La Candeur tira aussitôt de sa poche son mouchoir qui était immense, l'agita en signe de paix et l'on commença de parlementer…
Il n'y avait pas à résister. Nos reporters furent conduits, non loin de là, au centre d'un petit camp que l'on était en train de dresser, et où se trouvait déjà édifiée une tente fort belle, aux dessins noirs sur la toile blanche, tente qui devait abriter le chef de cette troupe ennemie. En effet, sitôt qu'ils furent entrés, ils aperçurent sur des coussins un homme pour lequel tous montraient une grande déférence. Un turban blanc, large et haut comme une tiare, entourait sa tête. Sa veste bleue étincelait de broderies d'argent, et sur son kilt, semblable à celui des montagnards d'Écosse, pendait un arsenal compliqué de petits instruments d'argent ciselé, dont les anciens se servaient pour charger leurs armes à feu.
Deux longs pistolets se perdaient dans l'écharpe de cachemire qui lui entourait la taille et un sabre était suspendu à son côté par une étroite cordelière de soie rouge à glands d'or. Cet homme avait un grand air de noblesse et fumait avec calme des herbes aromatiques dans un narghilé de grand prix. Les prisonniers le saluèrent, mais il ne daigna point répondre à leur salut. Non loin de lui se tenait une espèce de scribe qui avait en main des sortes de tablettes et qui ordonna, en français, aux jeunes gens de s'avancer. C'était l'interprète.
–Messieurs, leur dit l'interprète, notre seigneur l'agha a été chargé par les autorités de Sa Majesté le sultan de rechercher et de ramener une petite troupe de journalistes français qui font métier d'espions dans l'Istrandja-Dagh, ayant passé notre frontière sans aucune permission.
A ces mots inattendus, Rouletabille sursauta.
Le reporter prit immédiatement la parole pour protester avec indignation contre l'accusation qui était portée contre ses camarades et lui!
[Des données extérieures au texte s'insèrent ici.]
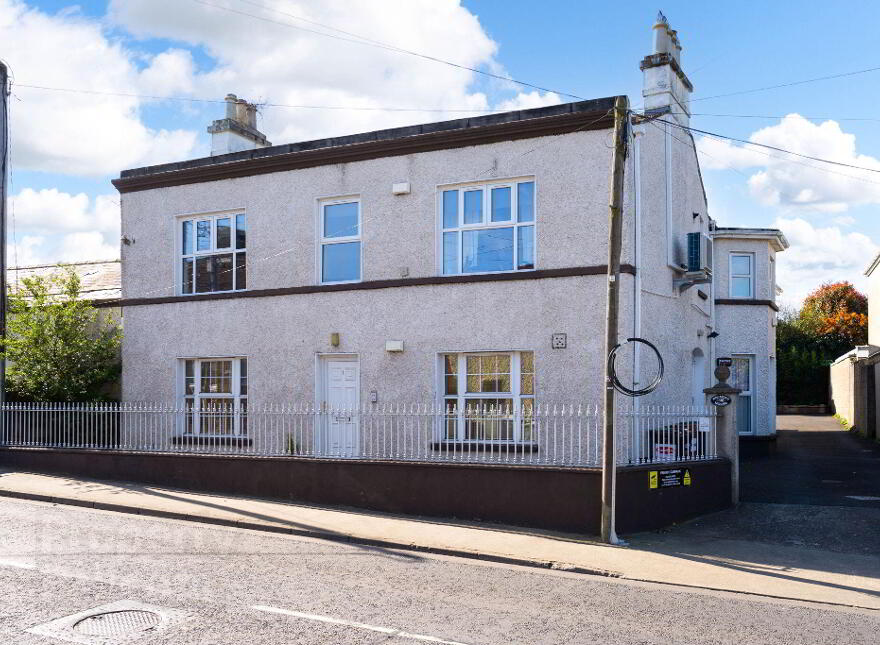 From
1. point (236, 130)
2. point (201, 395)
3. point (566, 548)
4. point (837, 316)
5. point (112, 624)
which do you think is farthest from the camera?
point (837, 316)

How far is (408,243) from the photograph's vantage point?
1434cm

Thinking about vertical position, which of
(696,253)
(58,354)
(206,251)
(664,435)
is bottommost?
(664,435)

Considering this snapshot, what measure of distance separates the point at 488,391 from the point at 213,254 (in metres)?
6.26

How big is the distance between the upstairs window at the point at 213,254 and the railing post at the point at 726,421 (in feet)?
28.2

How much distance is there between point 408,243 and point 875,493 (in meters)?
9.01

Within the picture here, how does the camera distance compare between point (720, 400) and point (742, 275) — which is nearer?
point (720, 400)

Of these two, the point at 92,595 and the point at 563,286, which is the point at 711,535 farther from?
the point at 92,595

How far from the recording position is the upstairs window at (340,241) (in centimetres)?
1504

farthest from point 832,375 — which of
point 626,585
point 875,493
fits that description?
point 626,585

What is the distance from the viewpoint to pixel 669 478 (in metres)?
11.9

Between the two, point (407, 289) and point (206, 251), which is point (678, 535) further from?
point (206, 251)

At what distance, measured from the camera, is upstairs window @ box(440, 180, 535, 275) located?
1365cm

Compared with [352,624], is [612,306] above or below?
above

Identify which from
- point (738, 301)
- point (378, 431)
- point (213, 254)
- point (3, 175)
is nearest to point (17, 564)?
point (378, 431) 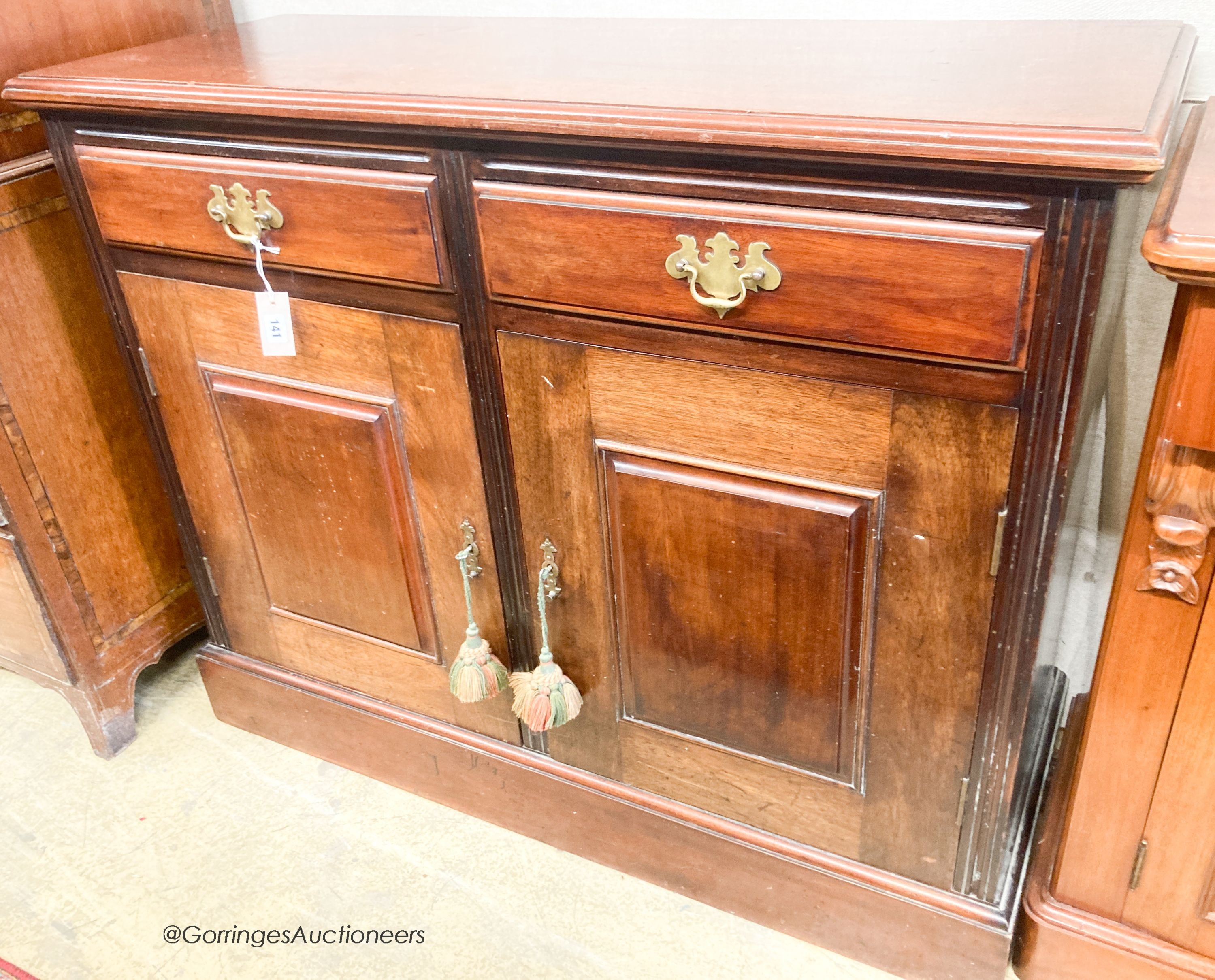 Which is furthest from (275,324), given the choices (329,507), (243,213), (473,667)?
(473,667)

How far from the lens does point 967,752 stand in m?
0.96

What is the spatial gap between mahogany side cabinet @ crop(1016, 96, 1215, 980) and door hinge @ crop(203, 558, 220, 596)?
1056 mm

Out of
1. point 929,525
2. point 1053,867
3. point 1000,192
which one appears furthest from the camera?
point 1053,867

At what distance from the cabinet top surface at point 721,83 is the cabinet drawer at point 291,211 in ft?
0.19

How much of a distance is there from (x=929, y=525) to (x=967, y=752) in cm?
24

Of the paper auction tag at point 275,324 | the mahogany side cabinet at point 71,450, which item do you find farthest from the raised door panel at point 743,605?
the mahogany side cabinet at point 71,450

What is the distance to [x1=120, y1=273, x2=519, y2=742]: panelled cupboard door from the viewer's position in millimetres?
1069

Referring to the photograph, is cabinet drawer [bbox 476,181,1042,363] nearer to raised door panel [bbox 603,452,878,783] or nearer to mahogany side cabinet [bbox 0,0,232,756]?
raised door panel [bbox 603,452,878,783]

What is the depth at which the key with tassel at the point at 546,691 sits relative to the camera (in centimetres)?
109

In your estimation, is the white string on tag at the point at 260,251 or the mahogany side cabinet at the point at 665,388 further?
the white string on tag at the point at 260,251

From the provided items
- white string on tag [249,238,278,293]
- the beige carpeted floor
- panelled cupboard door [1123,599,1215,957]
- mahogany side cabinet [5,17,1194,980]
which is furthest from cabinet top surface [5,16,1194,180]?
the beige carpeted floor

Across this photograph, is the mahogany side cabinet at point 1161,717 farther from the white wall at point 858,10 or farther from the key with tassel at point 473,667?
the key with tassel at point 473,667

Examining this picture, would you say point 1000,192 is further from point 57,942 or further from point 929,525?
point 57,942

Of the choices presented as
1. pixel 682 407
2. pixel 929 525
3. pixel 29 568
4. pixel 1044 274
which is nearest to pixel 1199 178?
pixel 1044 274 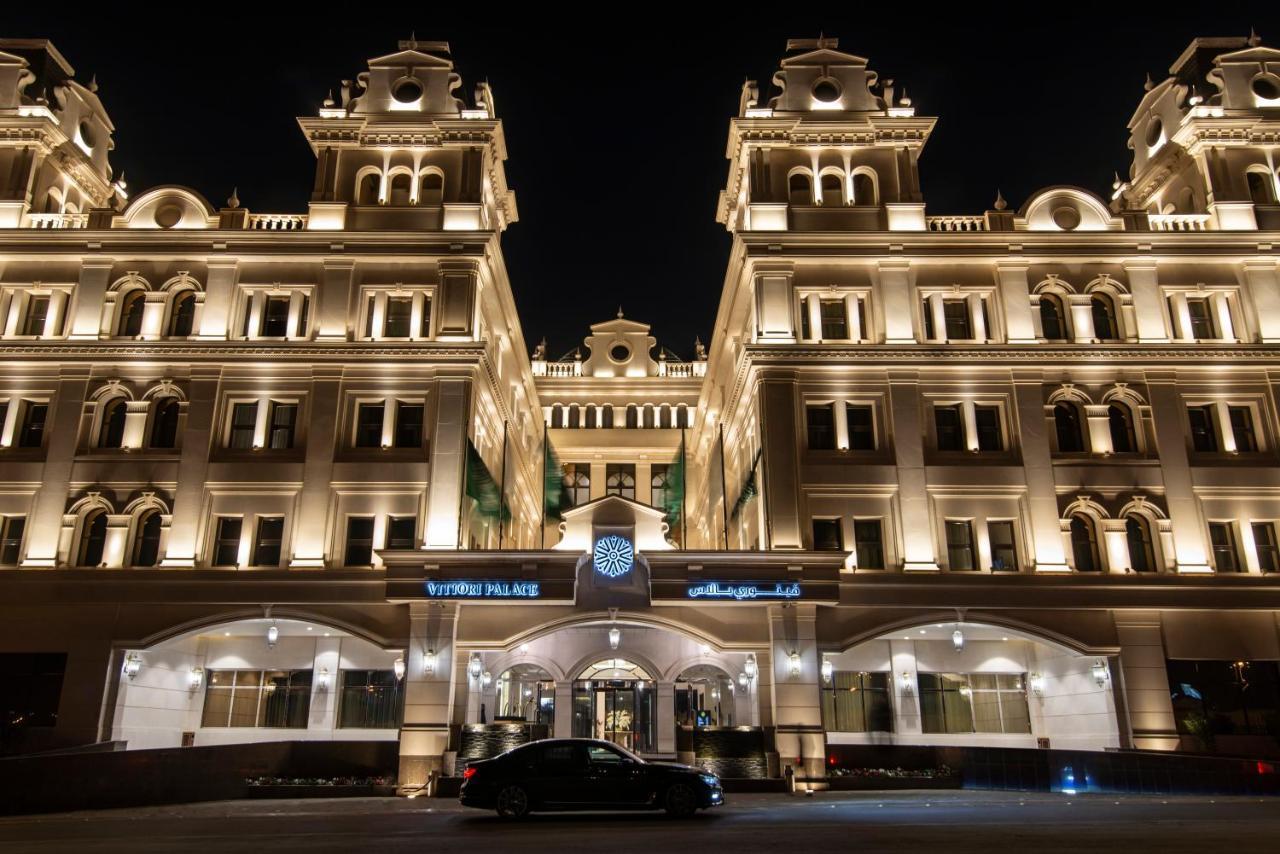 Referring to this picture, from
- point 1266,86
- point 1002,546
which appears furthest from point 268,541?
point 1266,86

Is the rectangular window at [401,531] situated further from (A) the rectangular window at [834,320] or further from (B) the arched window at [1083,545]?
(B) the arched window at [1083,545]

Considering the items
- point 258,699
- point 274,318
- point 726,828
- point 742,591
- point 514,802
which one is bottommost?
point 726,828

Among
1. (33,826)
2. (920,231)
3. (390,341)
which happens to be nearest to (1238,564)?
(920,231)

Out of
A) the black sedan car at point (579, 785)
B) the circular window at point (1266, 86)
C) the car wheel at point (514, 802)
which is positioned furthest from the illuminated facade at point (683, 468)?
the car wheel at point (514, 802)

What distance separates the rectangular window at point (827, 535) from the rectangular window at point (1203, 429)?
1306cm

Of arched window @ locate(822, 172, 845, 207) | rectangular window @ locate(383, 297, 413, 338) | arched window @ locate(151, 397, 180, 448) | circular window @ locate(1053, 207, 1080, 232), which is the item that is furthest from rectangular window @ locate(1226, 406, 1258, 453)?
arched window @ locate(151, 397, 180, 448)

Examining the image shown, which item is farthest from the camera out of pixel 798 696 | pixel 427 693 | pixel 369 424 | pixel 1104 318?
A: pixel 1104 318

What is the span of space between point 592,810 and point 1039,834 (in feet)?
29.3

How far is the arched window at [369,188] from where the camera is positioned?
3694 centimetres

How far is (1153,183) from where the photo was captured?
4081cm

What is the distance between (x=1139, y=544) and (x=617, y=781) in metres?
22.4

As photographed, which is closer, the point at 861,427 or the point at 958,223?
the point at 861,427

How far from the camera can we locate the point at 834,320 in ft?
116

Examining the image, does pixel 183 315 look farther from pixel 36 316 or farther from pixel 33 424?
pixel 33 424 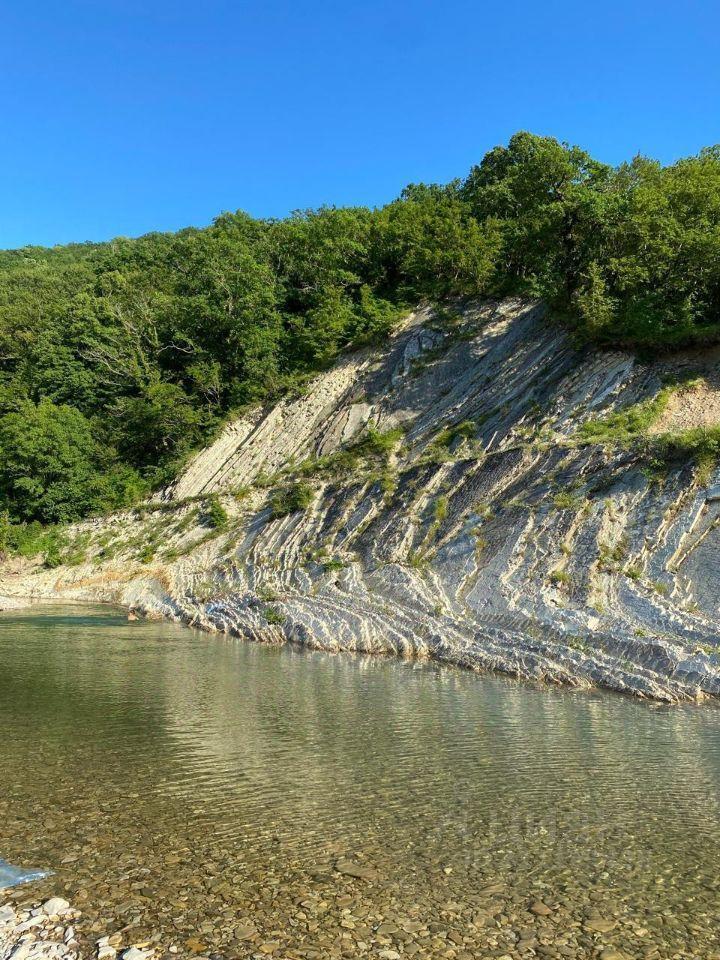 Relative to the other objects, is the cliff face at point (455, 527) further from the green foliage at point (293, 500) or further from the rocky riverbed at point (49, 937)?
the rocky riverbed at point (49, 937)

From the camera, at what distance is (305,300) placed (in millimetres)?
48406

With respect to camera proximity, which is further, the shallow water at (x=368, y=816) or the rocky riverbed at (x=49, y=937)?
the shallow water at (x=368, y=816)

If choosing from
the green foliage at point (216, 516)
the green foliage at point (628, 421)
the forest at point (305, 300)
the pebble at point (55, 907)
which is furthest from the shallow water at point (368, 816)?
the forest at point (305, 300)

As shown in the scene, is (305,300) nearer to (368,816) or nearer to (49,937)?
(368,816)

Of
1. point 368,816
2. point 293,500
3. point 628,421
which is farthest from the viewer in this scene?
point 293,500

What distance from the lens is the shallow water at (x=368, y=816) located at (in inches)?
257

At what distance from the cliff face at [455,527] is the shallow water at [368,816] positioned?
3.31 metres

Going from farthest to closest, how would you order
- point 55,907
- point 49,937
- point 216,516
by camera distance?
1. point 216,516
2. point 55,907
3. point 49,937

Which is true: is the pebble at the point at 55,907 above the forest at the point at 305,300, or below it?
below

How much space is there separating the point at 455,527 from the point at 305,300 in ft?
92.0

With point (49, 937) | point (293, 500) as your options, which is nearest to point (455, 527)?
point (293, 500)

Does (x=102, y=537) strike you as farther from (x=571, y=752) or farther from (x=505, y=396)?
(x=571, y=752)

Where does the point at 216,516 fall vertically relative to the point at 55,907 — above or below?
above

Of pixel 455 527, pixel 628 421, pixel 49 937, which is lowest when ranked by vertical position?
pixel 49 937
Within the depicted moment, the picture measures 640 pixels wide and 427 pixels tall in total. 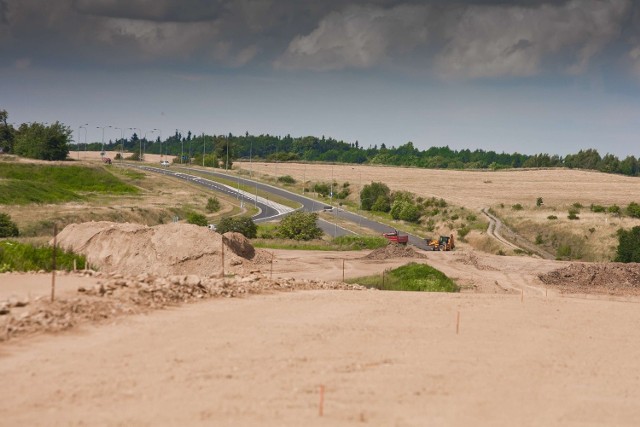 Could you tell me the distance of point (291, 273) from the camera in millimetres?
51219

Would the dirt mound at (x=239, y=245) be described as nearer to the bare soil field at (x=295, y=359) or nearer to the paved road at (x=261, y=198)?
the bare soil field at (x=295, y=359)

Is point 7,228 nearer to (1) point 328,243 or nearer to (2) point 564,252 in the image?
(1) point 328,243

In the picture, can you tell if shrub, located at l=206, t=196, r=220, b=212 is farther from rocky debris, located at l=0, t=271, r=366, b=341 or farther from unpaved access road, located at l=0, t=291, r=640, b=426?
unpaved access road, located at l=0, t=291, r=640, b=426

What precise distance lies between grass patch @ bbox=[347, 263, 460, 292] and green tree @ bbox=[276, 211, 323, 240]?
93.9 ft

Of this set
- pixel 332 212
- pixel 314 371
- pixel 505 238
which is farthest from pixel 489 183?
pixel 314 371

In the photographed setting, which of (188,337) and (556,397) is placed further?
(188,337)

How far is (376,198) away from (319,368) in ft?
329

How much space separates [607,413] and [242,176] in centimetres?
13206

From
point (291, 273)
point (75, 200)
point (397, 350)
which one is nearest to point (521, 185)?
point (75, 200)

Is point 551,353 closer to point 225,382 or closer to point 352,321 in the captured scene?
point 352,321

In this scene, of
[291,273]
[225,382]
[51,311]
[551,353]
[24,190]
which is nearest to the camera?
[225,382]

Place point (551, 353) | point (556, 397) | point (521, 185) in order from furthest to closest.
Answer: point (521, 185) < point (551, 353) < point (556, 397)

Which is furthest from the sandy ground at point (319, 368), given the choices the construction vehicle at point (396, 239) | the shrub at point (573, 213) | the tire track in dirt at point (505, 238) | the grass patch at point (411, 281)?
the shrub at point (573, 213)

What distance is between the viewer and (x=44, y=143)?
12875 cm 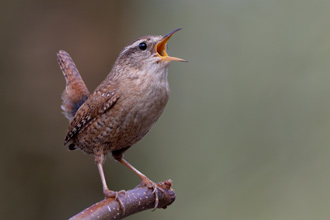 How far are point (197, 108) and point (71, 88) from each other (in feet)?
9.86

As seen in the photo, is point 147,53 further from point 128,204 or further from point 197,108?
point 197,108

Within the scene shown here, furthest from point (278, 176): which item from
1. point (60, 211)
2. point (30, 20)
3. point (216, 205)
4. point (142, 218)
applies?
point (30, 20)

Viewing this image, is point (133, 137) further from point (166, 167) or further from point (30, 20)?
point (166, 167)

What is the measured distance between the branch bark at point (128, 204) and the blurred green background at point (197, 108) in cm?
183

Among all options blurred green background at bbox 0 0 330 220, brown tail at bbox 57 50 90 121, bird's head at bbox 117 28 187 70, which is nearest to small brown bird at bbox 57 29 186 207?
bird's head at bbox 117 28 187 70

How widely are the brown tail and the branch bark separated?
0.95 meters

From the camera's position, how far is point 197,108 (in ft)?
19.7

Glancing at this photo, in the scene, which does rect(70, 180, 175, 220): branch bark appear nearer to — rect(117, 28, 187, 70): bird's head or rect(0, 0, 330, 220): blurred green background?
rect(117, 28, 187, 70): bird's head

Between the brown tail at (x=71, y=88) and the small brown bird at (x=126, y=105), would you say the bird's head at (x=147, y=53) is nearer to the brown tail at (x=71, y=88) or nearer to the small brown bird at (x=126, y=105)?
the small brown bird at (x=126, y=105)

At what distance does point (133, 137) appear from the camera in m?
2.62

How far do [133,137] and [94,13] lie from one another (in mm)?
1859

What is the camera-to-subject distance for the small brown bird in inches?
97.3

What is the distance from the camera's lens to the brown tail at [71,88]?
10.4 ft

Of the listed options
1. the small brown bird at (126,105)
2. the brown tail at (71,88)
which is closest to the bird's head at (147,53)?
the small brown bird at (126,105) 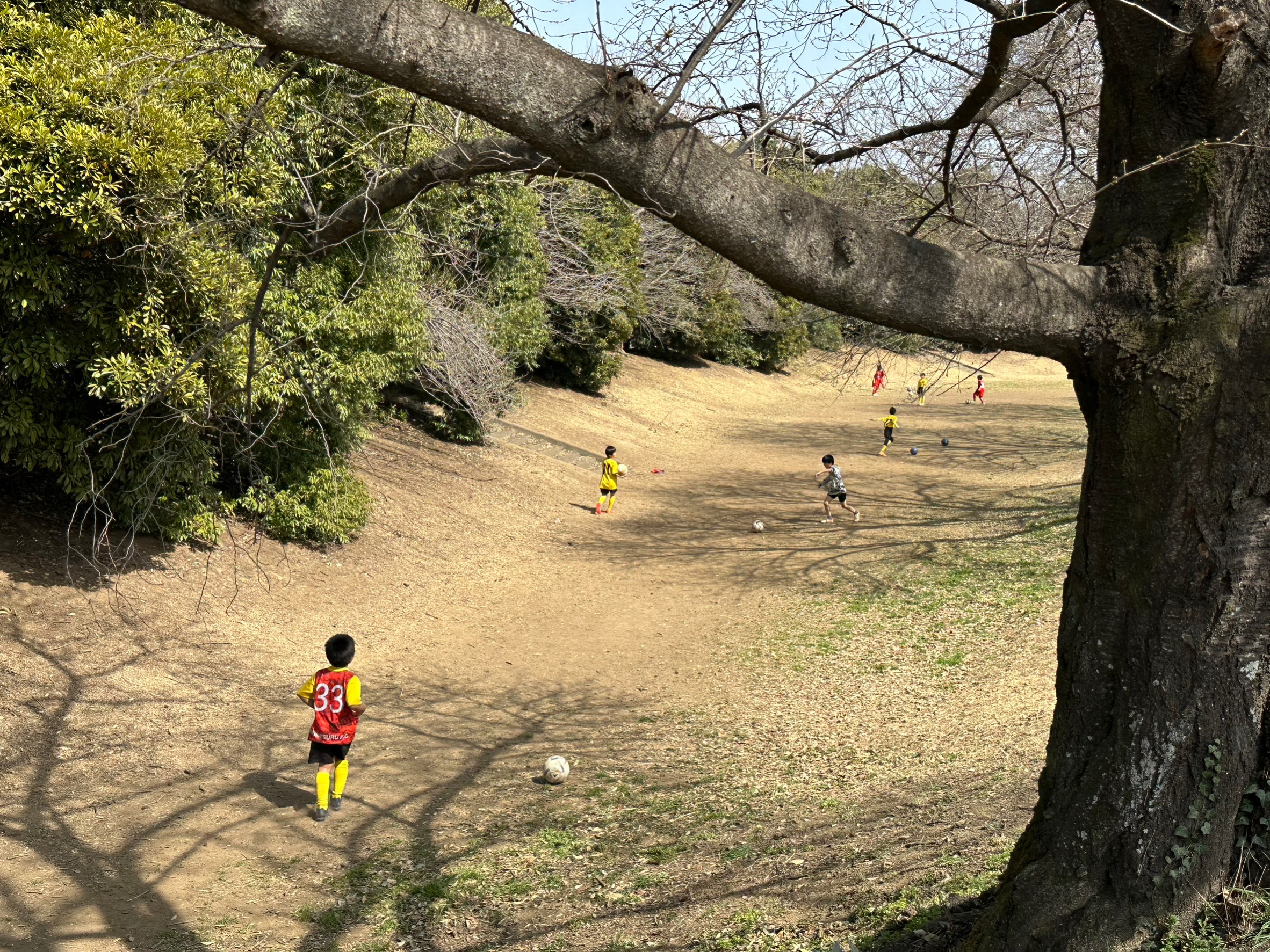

Envoyés par leur journal pour faire du reportage et, ayant terminé leur besogne en Bulgarie, ils étaient descendus dans l'Istrandja-Dagh sans aucun esprit de retour à Sofia; bien mieux, ils avaient décidé de suivre les opérations de guerre avec les armées turques; où pouvait-on voir de l'espionnage en tout cela?
Mais, à leur grand étonnement, l'interprète répliqua que l'agha savait parfaitement que M. Rouletabille (il l'appela par son nom) avait reçu une mission de confiance du général-major Stanislawoff après que celui-ci lui eut accordé une audience spéciale avant son départ!…
–Sapristi! pensait Rouletabille! Ils sont bien renseignés!…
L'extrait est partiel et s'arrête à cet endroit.